An IRA LLC, also known as a Self-Directed IRA is a financial instrument designed for independent thinkers, someone who likes to make their own decisions when it comes to creating income in their retirement funds.
Unfortunately, this type of investment choice is something that is not freely discussed should you be a naive investor who asks a broker for the best type of IRA to start for your retirement.
However, a self directed IRA is not for the faint-of-heart, someone who would like nothing better than to pass their financial decision making to someone else, a broker representing the interests of his or her financial institution.
If you choose to get a Self-Directed IRA it will be because, unlike a traditional IRA, you want to limit custodian interference on where, when, and how to invest your money. When it comes to making a financial decision, you are most likely to be someone who dislikes the frustration of a bureaucratic process. Moreover, you will probably feel strongly opposed to paying a fee for asking permission to pursue an investment that you know, from years of personal experience, is highly likely to offer an excellent return on investment.
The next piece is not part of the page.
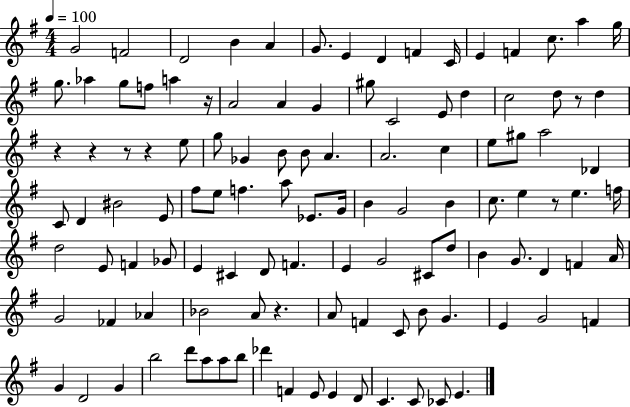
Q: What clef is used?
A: treble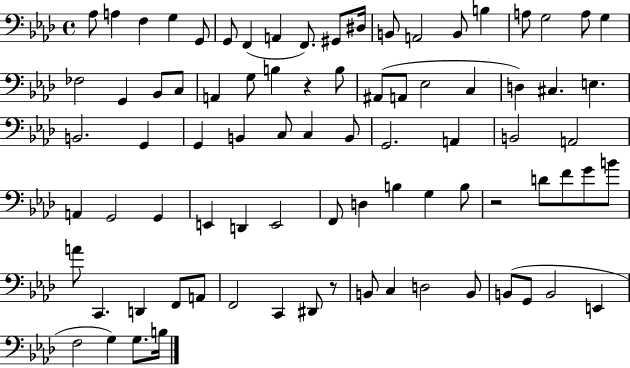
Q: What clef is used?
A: bass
You will also most likely lean toward this type of IRA because it will limit your liability and offer true asset protection. As the IRA owner, you will be able to have full checkbook control. Of course this freedom is based on the understanding that you know how to use your funds wisely to avoid conflict with IRS rules and regulations in regards to the nature of self dealing IRA investments.
Tax Advantage When Working out of Self Directed IRA
Another reason, of course, to choose this type of retirement account is the tax benefits associated with an IRA LLC. These tax benefits provide either a tax-deferred or tax-free option depending on whether your IRA is set up as a ROTH or as an IRA.
The taxes flow through the entity just like a regular LLC. Since the owner of the LLC is the IRA, then you receive a tax holiday so to speak. This is because the funds are either gained tax deferred until age 70 1/2 as is the case with an IRA or tax free - indicative of a ROTH. in the end, your tax advisor can keep all this straight for you and we recommend that you have one on your team, especially once you decide to change your IRA to a self directed one.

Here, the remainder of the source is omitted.